6 Precordial (Horizontal Plane) Leads
- V1, V2: right precordium (right ventricle view)
- V3, V4: transitional zone (septum)
- V5, V6: left precordium (left ventricle view)
A key principle: a depolarization wave moving toward the positive pole of a lead inscribes a positive (upward) deflection; moving away inscribes a negative (downward) deflection; moving perpendicular = biphasic.
Territorial Grouping (for Ischemia/Infarction)
| Territory | Leads | Artery |
|---|
| Inferior | II, III, aVF | RCA |
| Anterior | V1-V4 | LAD |
| Lateral | I, aVL, V5-V6 | LCx |
| Posterior | V1-V2 (reciprocal changes) | RCA/LCx |
- Harrison's Principles of Internal Medicine, 22E, p. 1912
Systematic Approach to ECG Interpretation
Harrison's recommends evaluating in this order:
- Rate - HR (bpm from RR interval)
- Rhythm - regular vs. irregular; identify P waves
- PR interval - AV conduction
- QRS interval - ventricular conduction
- QT/QTc intervals - repolarization
- Mean QRS axis - normal (-30° to +90°)
- P wave morphology - atrial enlargement?

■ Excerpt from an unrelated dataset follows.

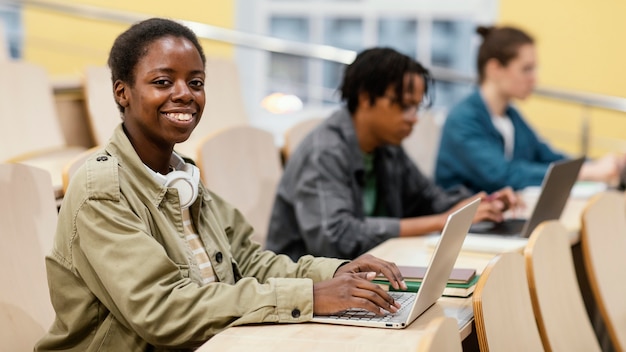 Free photo portrait of young student in class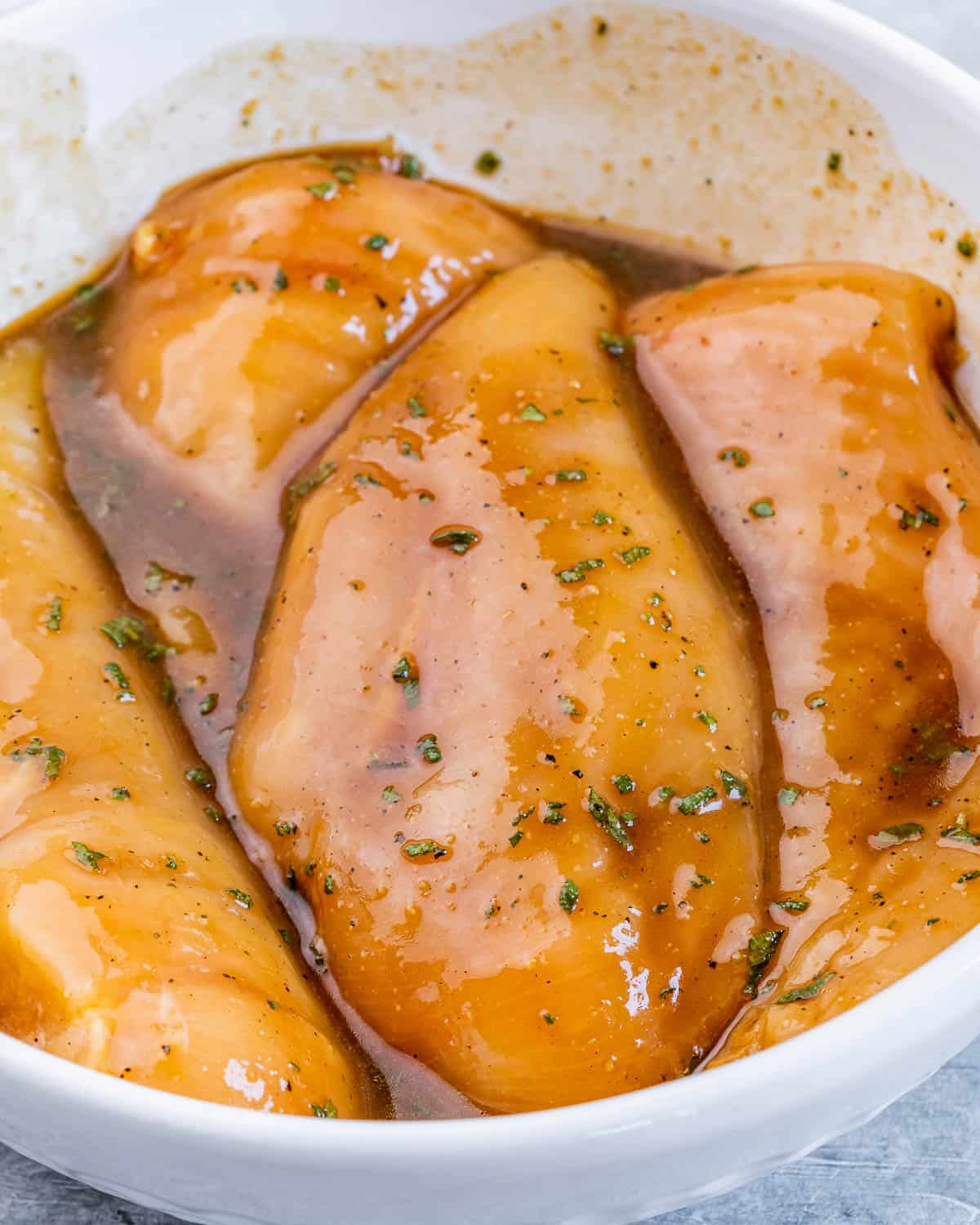 Marinating chicken breasts in a brown sauce.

- QRS voltages - hypertrophy?
- Precordial R-wave progression - V1 to V6 should increase
- Abnormal Q waves - old infarction?
- ST segments - ischemia/injury?
- T waves - ischemia, electrolyte abnormality?
- U waves - hypokalemia?
Key Pathological Patterns at a Glance
| Finding | Possible Causes |
|---|
| Prolonged PR | First-degree AV block, drugs (digoxin, beta-blockers) |
| Short PR + delta wave | Wolff-Parkinson-White (WPW) |
| Wide QRS (>120 ms) | LBBB, RBBB, ventricular rhythm, hyperkalemia, Na+-channel blocker toxicity |
| ST elevation | STEMI, pericarditis, Brugada, vasospasm (Prinzmetal's) |
| ST depression | Subendocardial ischemia, NSTEMI, LVH strain pattern |
| Q waves | Prior MI, cardiomyopathy, normal septal Q in lateral leads |
| Peaked T waves | Hyperkalemia (early), LVH |
| Prolonged QTc | Hypokalemia, hypocalcemia, hypomagnesemia, drugs, channelopathies |
| Osborn (J) wave | Hypothermia |
| Wellens T-wave pattern | Critical LAD stenosis |
Summary
The ECG records cardiac electrical activity through 12 leads, each offering a different spatial perspective on the same events. The sequence - SA node fires → atria depolarize (P wave) → AV node delays → ventricles depolarize (QRS) → ventricles repolarize (T wave) - is visible on every normal beat. By analyzing rate, rhythm, intervals, axis, and morphology of each waveform, the ECG reveals a wide range of diagnoses: arrhythmias, conduction blocks, ischemia, infarction, electrolyte abnormalities, drug effects, and structural heart disease.